How to Use Data and AI to Measure ESG Performance

By Data Science Salon

ESG (Environmental, Social and Governance) investing is a great umbrella term to describe responsible investing (RI), a way to evaluate companies beyond financial factors. In other words, ESG is a way of measuring the impact of companies on the environment and society, thereby facilitating ethical ways to make investments or conduct business.

While companies may be considering ESG factors in their strategies, it’s hard for managers and investors to measure their impact to make decisions accordingly. The reason is that a proper analysis requires a lot of data which needs to be carefully interpreted. 

This is where Artificial Intelligence (AI) comes into play. AI can help analyze ESG data and measure the performance of companies by identifying hidden risks, potential opportunities, and overall trends of the environment in which they are operating.

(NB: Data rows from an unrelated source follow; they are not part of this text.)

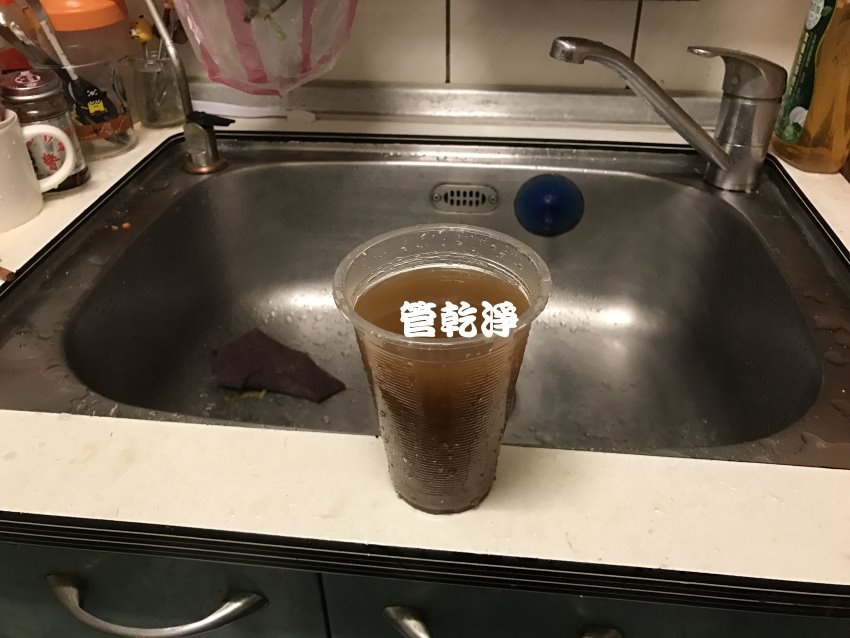 洗水管, 水管清洗, 管乾淨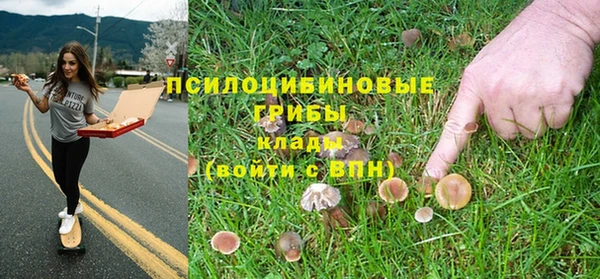 герыч Балабаново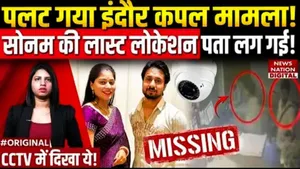 Indore Couple case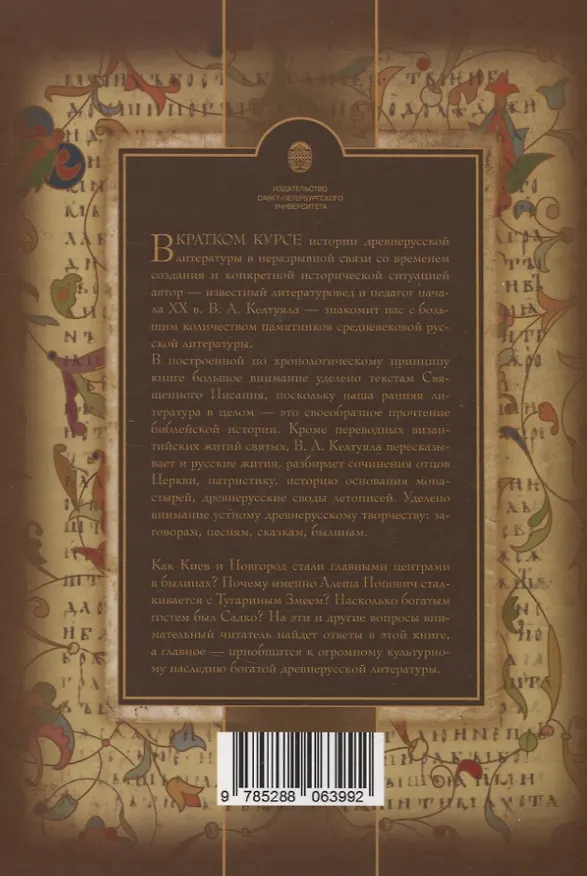 Книга Краткий курс истории древнерусской литературы (Василий Келтуяла) — 2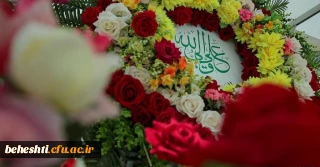 حلول ماه ذی الحجه و سالروز ازدواج حضرت علی(ع) و حضرت زهرا(س) مبارک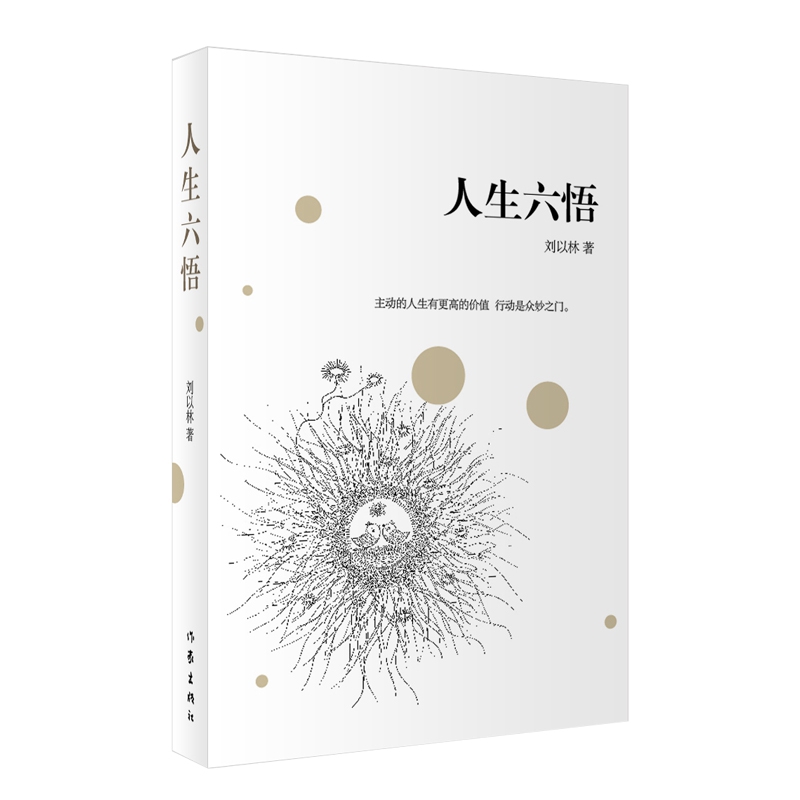 人生六悟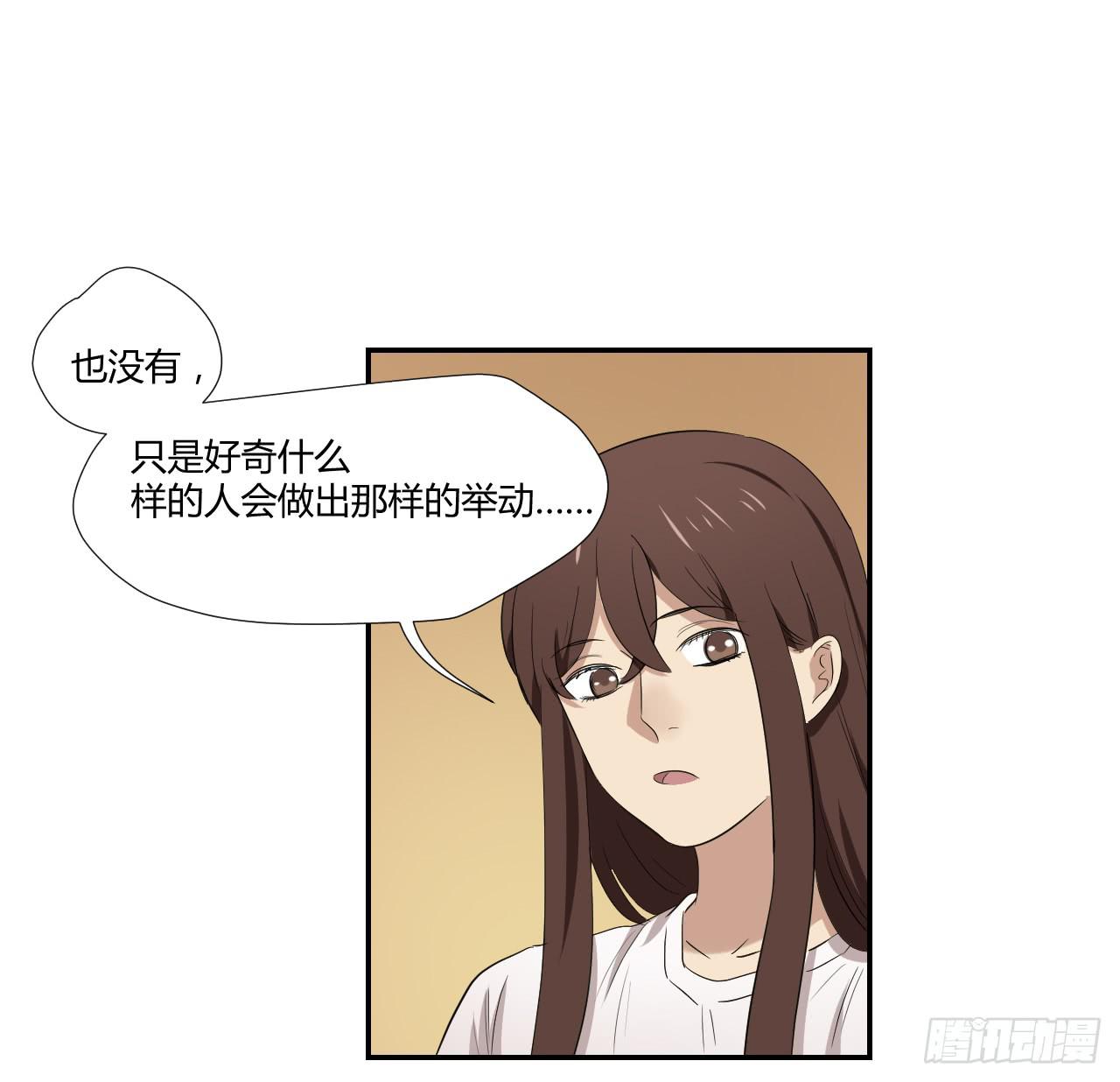 适应器2韩漫全集-旁观者无删减无遮挡章节图片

This article gives an overview of what ESG data is, why it is important for companies, and how Machine Learning (ML) and NLP (Natural Language Processing) can help to create accurate ESG rankings.

What is ESG data?

ESG data provides useful information on environmental, social and governance factors and is being used by companies to assess how sustainable they are, and by investors to decide which companies to invest in.

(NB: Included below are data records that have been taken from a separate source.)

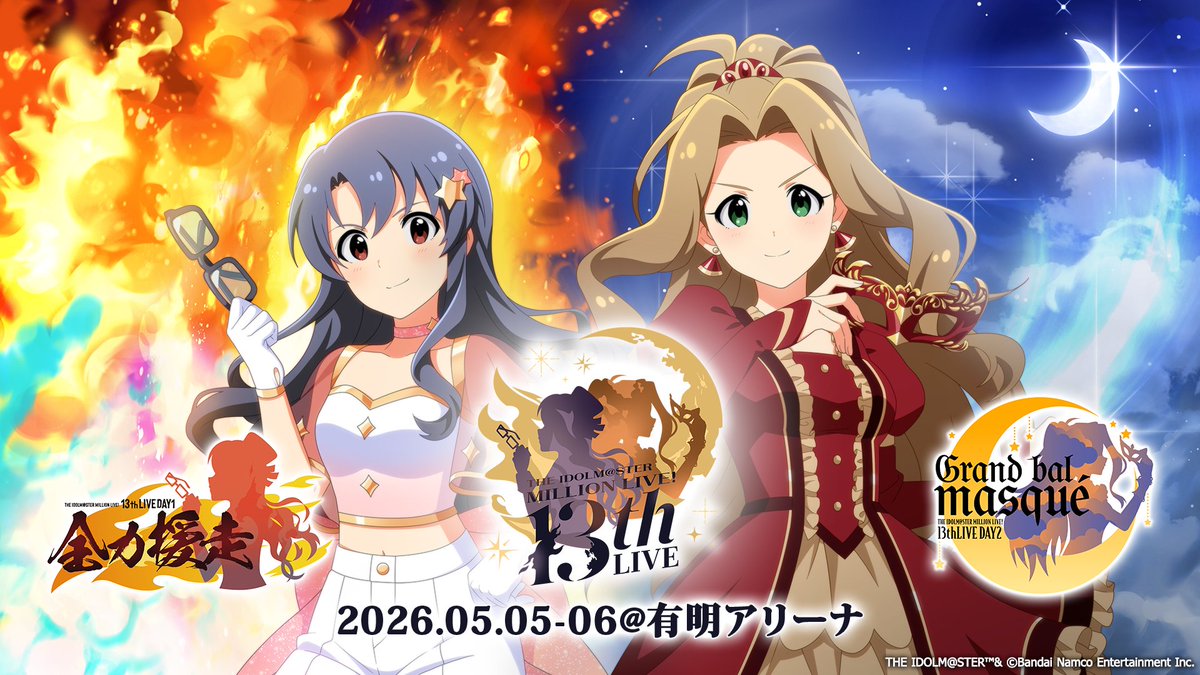 アイドルマスター ミリオンライブ！【公式】 tweet media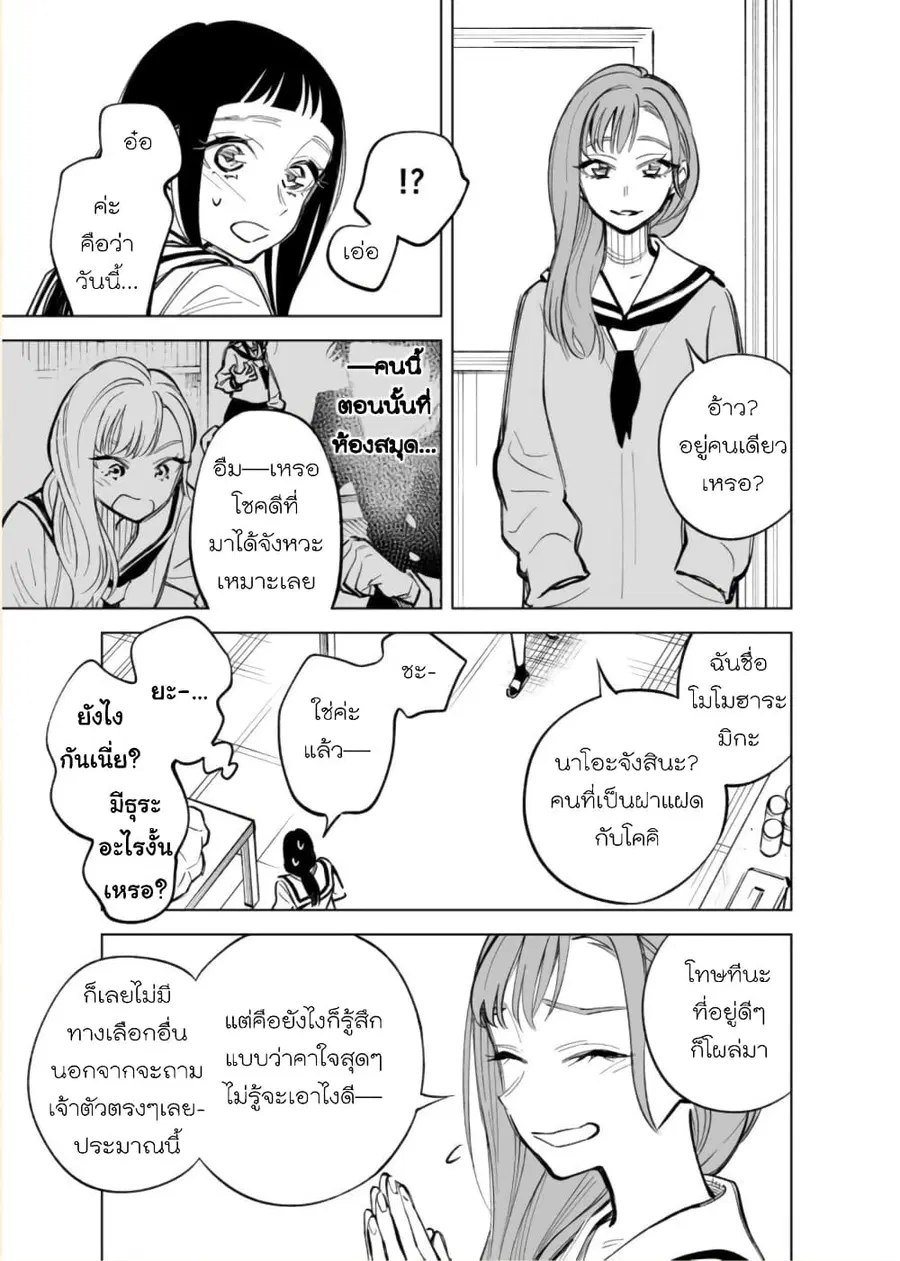 Futago-tachi no Shojijou ตอนที่ 18 หน้า 3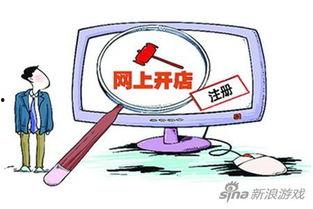 吃瓜流量变现项目,揭秘吃瓜群众的财富密码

Today, ESG data combined with AI has become a realistic way to measure company resiliency and take proactive measures. ESG data can be used to meet investors’ changing appetite for sustainable investments, as these metrics are often seen as a way to “get the story behind the numbers”, and provide an entire measure of company performance.

Why is ESG important?

ESG is important because it not only prevents negative impact on the environment but also provides an opportunity to better balance the interests of stakeholders. Today, companies are increasingly implementing ESG into their business practices, and to properly understand some of its importance, it pays to carefully study the relationship between ESG and financial performance.

Rochelle March, Head of ESG Product at Dun & Bradstreet describes ESG data performance in organizations in her presentation at DSSVirtual ESG as the signal in the noise: Using NLP and verified data assets to create a holistic measure of company resiliency. According to her, companies can benefit from the following when considering ESG factors:

Increase in efficiency

Businesses with good trading relationships and engagement, represented by good ESG rankings in their supply-chain have consistently outperformed firms that have poor ESG Rankings over 1-, 3- and 5-year time horizons. Over five years, their sales growth is up to five times as high.

Better supplier engagement 

Businesses with good trading relationships and engagements represented by good ESG rankings in their supply chain have consistently outperformed firms that have poor ESG rankings over 1-, 3- and 5- year horizons. The same applies to businesses with good corporate behaviour in the governance theme.

Lower delinquency rates

Payment delinquency is a popular commercial credit risk measurement. The delinquency rate of businesses with poor ESG ranking almost doubles that of businesses having very good ESG rankings.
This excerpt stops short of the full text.